My daughers' dad and I were together on and off for 4 1/2 years, we started dating when I was 17, and we went through many many cycles of being together for 8 or 9 months, and then breaking up for several months, and then getting back together for 8 or 9 months, breaking up, together, etc etc. All until my 22nd birthday, then I finally broke it off with him for good. His love was great, but sometimes you really need more than just love.
We do not get along, well we do now, but not when we are in a relationship. He has anger issues, I have bitch issues that only seem to be brought on by him. He lied to me about several things, we fought and fought, and the more we tried to work on things and get things back to normal, we realized there would never be a normal, I would always hold a grudge against him for some of the things he's done.

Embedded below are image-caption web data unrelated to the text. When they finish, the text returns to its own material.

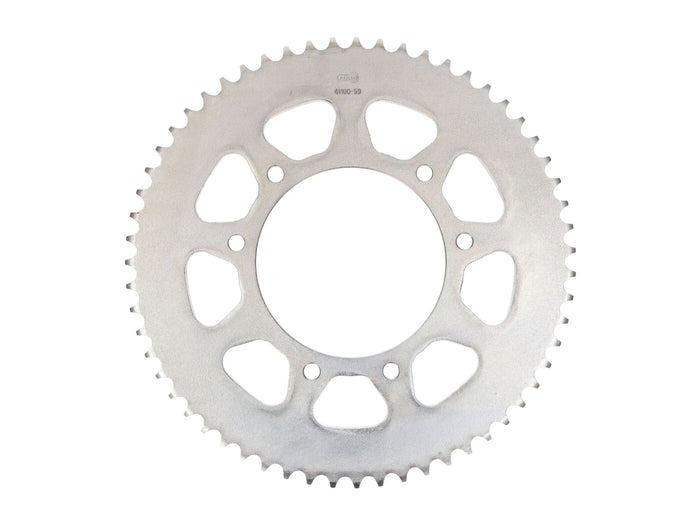 AFAM41100-59 Corona acciaio 59 denti - 420 Afam Derbi DRD Pro, COD: AFAM41100-59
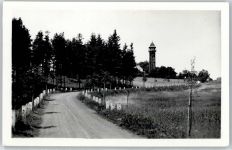 Tábor Tabor - Foto-Karte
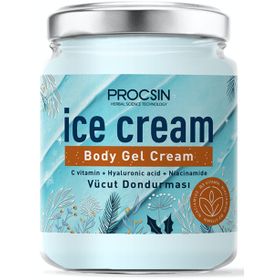 Procsin Ice Cream 190 ml Vücut Kremi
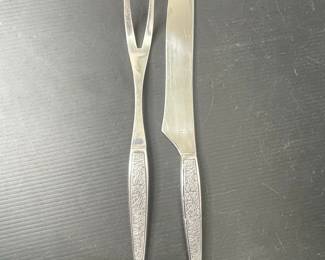 Arthur Salm "Dynasty" Carving Set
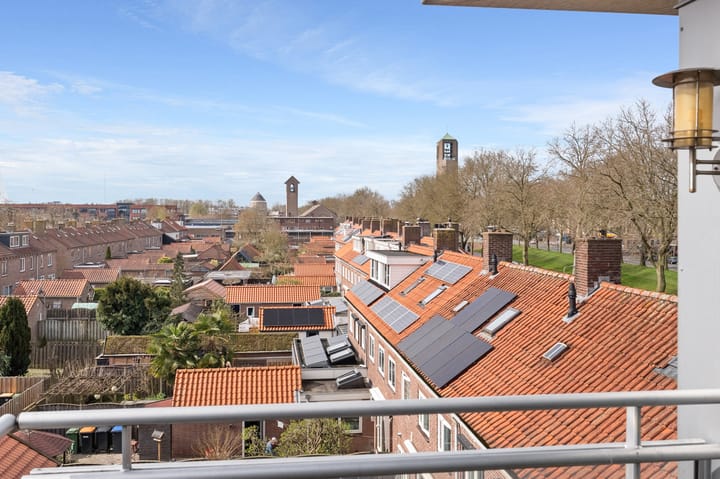 Foto 33 van Cornelis Dirkszplein 45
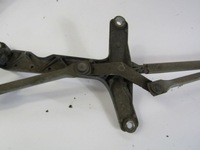 фото thumb №8, Mercedes vito 2 w639 механізм двірник перед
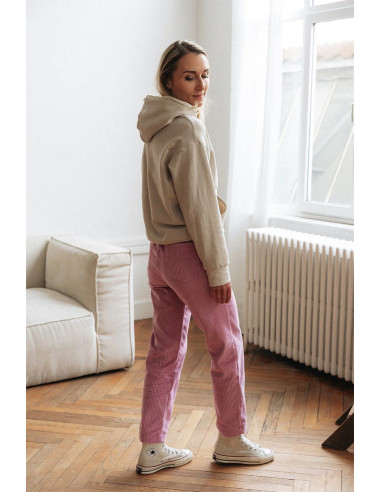 Harlow Pants Pattern - Joli Lab
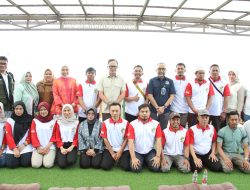 Wamendagri Bima Tegaskan Kopdes Karamatwangi Siap Jadi Percontohan Nasional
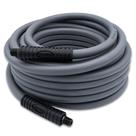 Mangueira de ar JACO FlexPro Hybrid 3/8 x 50 pés com Dual 1/4 M-NPT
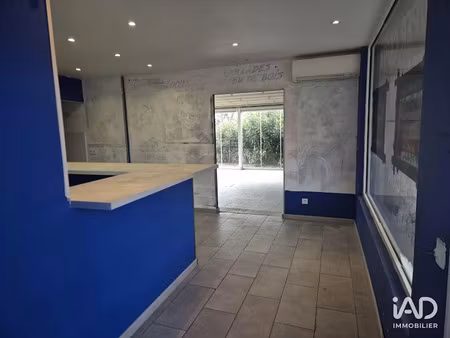 vente locaux professionnels 0 pièces 135 m² à ponteilla (66300)  149 500 €
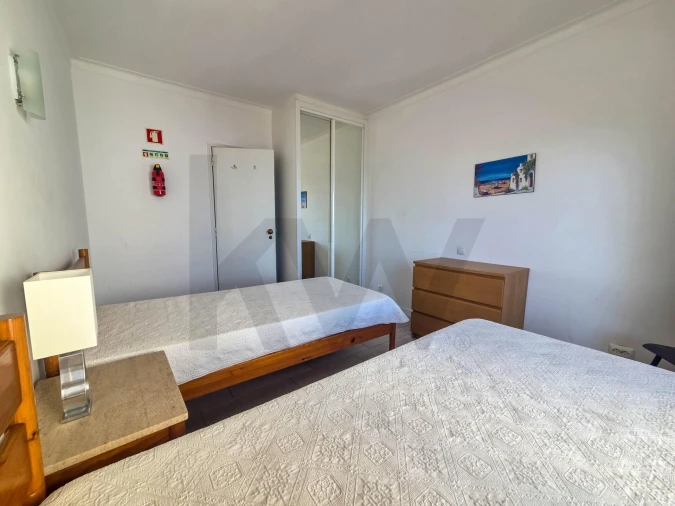 Apartamento T2 para Arrendamento em Portimão Foto 13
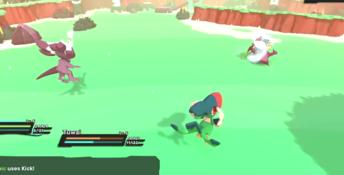 Temtem PC Screenshot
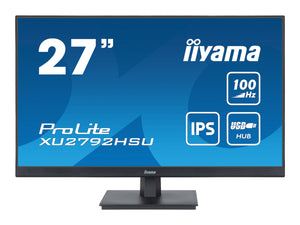 IIYAMA XU2792HSU-B6 27in ETE IPS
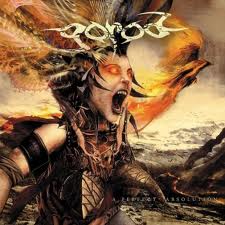 Gorod "A Perfect Absolution" CD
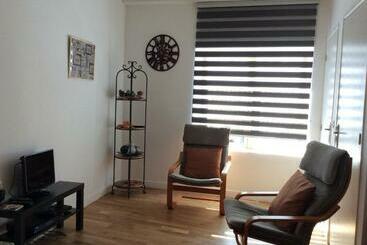 Apartamenty turystyczne Number 7 Gouarec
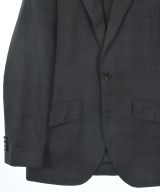 KATHARINE HAMNETT（キャサリンハムレット）テーラードジャケット 黒 サイズ:M メンズ/2200625745029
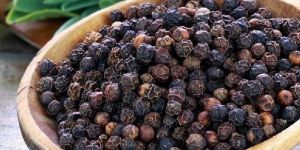 Indian Black Pepper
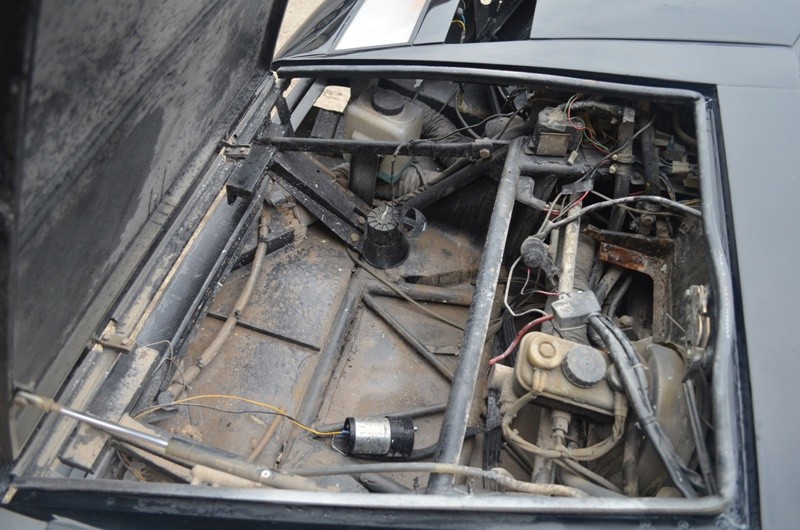 Used 1988 Lamborghini Countach   | Astoria, NY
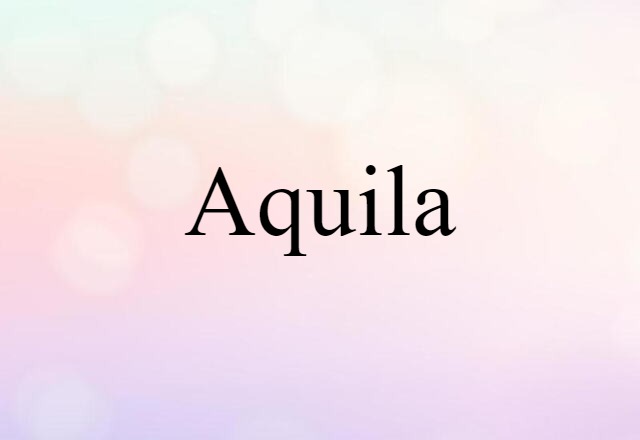 Aquila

Finally it just all piled on and got too much for me to bear, so that's why I ended things for good.
A month later I started dating my current fiance, his mom was one of my professors at the time, and her and I got very close because she would help me out a lot since I had toddler twins at the time, not to mention dealing w/ everything with david (the ex) school was kickin my butt, and she would help me a lot, and we'd often encounter her son. I thought he was very good looking and seemed pretty cool and I added him on facebook one day and we started talking and now we've been together a year and a half, got engaged on our 1 year anniversary.
He is sooo great, I have never felt so right with someone, we get along great, we never fight, and he is so mature and I trust him with my life. He also loves the girls and takes care of them when they're here (which is most of the time, I have full custody, David sees the girls every other weekend and on tuesdays). We just bought a house 6 months ago, and we're getting married next March.
Anyway, just had to give all that before I get into what's bothering me..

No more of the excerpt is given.